Yes, the syrupy slogan is that no price is too high to save lives, which – considered strictly on the moral plane – is indisputable. However, we need to keep in mind that it costs peanuts to manufacture a Kassam and that Gaza’s arsenals boast untold thousands of these crude versions of Nazi V-1 and V-2 rockets (all murderously indiscriminate). The upgraded Katyushas called Grads are supplied gratis, compliments of Iran.
In contrast, each Iron Dome interception costs $100,000. Since Iron Dome batteries cover a comparatively small area each, many more than now deployed are needed. The missiles themselves take a long time to be produced and there can never be enough of them to take down every contraption hoarded in Gaza.
Adding to the complexity is the fact that many communities under Kassam threat are too close to the border for sufficient warning time. The Iron Dome system requires 15 seconds to identify an incoming Kassam. Yet these projectiles can (and have in the past) slammed down after being airborne for shorter intervals. The Iron Dome, furthermore, doesn’t offer protection against mortars.
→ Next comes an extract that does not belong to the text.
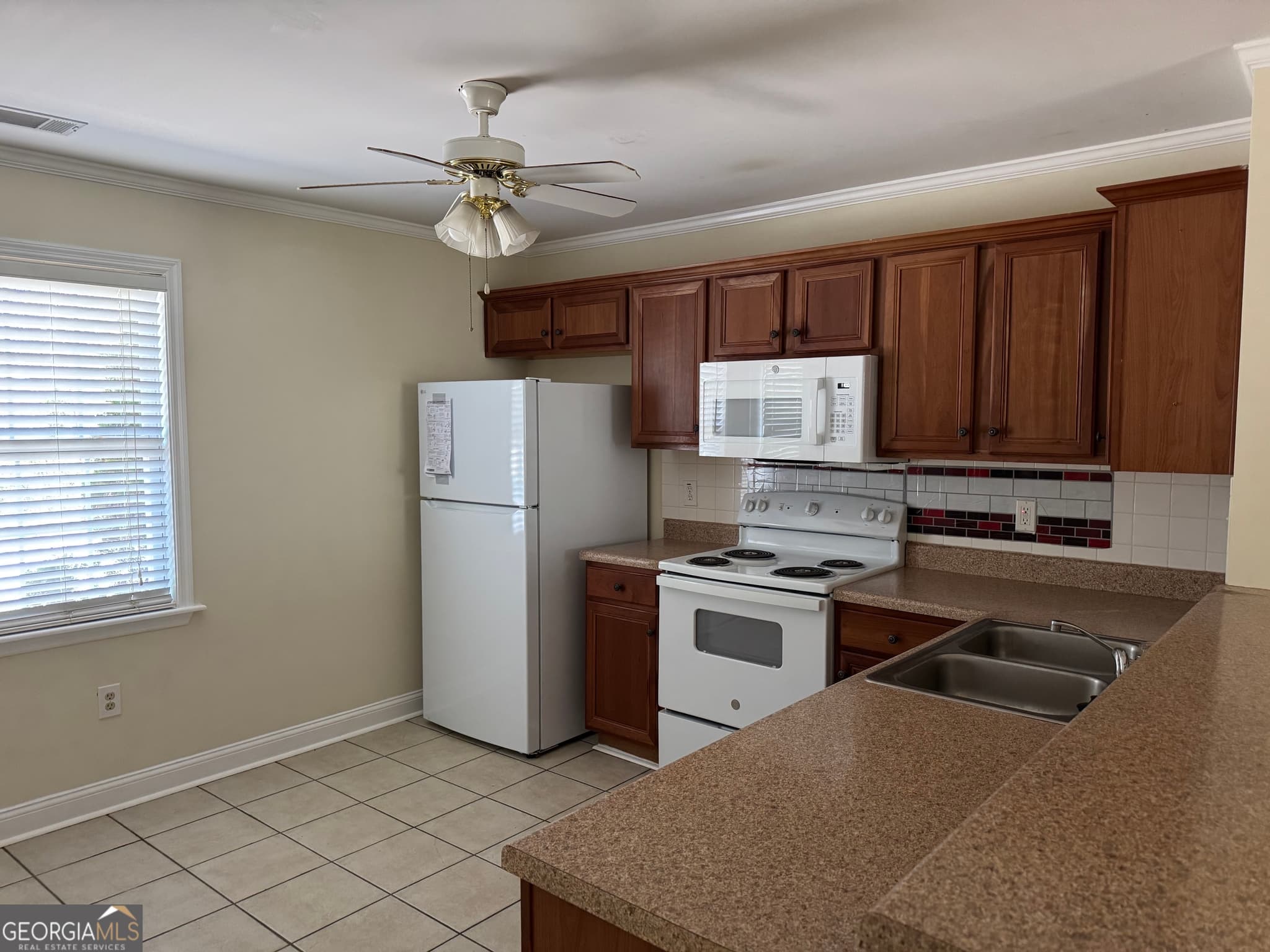 2 bedroom, 2.5 bathroom, 1,332 sq ft townhouse for rent at 135 Logmont Trace, Athens, GA 30606 for $1,500 a month — photo 5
With their own earthy good-sense commoners throughout Israel’s South recognize that the best defense is offense and that good offense isn’t shelling vacant lots, eliminating the odd miscreant, and generally trying not to get IDF hands too dirty, so as not to offend sanctimonious European sensibilities.
They know that the only way to defend is to win and that you win by breaking the enemy’s spirit and will to fight.
We’ve got to conquer our fear of winning because neither Iron Dome nor Batman will rescue us from the Scarecrow of our own making.